> _Problem statement_: Take each line in the entries below that holds "Bathroom" and show it.
######
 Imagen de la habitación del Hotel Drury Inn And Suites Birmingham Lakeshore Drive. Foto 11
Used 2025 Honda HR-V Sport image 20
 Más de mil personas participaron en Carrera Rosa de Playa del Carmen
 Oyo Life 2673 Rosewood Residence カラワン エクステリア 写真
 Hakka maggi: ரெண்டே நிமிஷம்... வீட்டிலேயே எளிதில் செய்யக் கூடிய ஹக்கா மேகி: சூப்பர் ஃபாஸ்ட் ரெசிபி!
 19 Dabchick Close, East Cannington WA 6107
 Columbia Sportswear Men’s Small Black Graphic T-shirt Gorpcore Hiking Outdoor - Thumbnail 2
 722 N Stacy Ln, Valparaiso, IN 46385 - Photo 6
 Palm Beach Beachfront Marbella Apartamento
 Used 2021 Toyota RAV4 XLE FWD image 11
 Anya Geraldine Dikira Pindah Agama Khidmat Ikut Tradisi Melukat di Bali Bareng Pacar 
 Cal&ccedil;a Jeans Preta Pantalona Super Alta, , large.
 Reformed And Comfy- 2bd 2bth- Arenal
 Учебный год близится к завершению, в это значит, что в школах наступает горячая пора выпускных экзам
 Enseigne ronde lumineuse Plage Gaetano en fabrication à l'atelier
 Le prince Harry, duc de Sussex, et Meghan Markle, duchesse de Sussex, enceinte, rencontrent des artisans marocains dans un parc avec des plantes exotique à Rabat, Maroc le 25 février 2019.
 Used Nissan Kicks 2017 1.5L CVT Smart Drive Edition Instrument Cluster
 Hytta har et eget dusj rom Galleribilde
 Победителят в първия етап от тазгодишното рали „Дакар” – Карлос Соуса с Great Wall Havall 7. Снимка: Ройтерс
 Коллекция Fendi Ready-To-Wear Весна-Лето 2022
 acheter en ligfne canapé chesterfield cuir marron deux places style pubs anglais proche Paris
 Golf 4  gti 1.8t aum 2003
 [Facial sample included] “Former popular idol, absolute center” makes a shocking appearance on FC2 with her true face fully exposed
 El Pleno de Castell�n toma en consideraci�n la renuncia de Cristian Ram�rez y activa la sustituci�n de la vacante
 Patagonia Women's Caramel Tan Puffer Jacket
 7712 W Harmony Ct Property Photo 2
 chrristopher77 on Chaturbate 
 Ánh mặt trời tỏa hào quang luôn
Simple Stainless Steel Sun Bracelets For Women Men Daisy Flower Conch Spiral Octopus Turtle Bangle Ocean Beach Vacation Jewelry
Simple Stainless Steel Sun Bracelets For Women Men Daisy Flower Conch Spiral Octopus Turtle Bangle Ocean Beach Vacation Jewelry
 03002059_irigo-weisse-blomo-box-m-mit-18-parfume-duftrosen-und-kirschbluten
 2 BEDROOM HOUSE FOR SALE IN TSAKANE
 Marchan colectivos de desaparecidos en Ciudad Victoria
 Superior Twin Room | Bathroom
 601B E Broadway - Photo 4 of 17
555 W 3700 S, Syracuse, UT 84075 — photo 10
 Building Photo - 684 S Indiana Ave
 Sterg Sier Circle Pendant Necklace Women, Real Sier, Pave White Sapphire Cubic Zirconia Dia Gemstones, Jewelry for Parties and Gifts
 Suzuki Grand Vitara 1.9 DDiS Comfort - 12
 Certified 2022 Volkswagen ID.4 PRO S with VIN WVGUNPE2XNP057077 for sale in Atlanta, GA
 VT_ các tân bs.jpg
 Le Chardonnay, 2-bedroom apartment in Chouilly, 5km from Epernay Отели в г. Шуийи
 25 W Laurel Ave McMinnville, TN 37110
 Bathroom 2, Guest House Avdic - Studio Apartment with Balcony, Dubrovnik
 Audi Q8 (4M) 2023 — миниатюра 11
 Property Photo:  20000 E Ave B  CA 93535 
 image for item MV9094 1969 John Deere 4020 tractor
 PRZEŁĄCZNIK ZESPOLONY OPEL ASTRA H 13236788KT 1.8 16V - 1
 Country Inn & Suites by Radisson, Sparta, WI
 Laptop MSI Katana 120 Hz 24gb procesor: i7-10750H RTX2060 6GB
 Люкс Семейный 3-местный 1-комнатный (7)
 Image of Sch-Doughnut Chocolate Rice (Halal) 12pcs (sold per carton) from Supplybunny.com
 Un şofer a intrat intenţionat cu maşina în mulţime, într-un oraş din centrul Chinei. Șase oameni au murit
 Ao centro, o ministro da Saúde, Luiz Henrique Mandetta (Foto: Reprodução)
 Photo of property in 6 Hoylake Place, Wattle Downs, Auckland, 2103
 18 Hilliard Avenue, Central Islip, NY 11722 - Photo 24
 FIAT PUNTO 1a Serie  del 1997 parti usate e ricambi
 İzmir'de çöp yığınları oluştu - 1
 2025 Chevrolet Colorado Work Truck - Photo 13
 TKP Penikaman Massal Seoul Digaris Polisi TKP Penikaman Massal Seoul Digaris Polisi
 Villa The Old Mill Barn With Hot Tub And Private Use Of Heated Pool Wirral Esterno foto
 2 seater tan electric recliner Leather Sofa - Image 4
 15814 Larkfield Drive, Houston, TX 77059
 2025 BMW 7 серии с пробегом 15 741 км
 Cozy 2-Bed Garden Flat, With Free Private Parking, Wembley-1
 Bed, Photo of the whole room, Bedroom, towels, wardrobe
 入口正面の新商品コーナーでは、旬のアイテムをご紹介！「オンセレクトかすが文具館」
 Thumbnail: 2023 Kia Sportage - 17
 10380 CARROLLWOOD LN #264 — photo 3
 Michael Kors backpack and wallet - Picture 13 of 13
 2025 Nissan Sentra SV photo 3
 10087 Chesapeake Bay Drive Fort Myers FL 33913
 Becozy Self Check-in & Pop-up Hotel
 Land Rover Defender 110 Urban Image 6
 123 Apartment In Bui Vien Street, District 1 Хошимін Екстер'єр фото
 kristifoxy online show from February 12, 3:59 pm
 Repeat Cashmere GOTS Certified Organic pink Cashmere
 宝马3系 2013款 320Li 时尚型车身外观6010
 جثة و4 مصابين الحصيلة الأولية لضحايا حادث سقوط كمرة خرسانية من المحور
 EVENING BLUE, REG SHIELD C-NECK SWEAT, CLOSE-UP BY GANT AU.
######
> _Response for this exercise_:
 Superior Twin Room | Bathroom
 Bathroom 2, Guest House Avdic - Studio Apartment with Balcony, Dubrovnik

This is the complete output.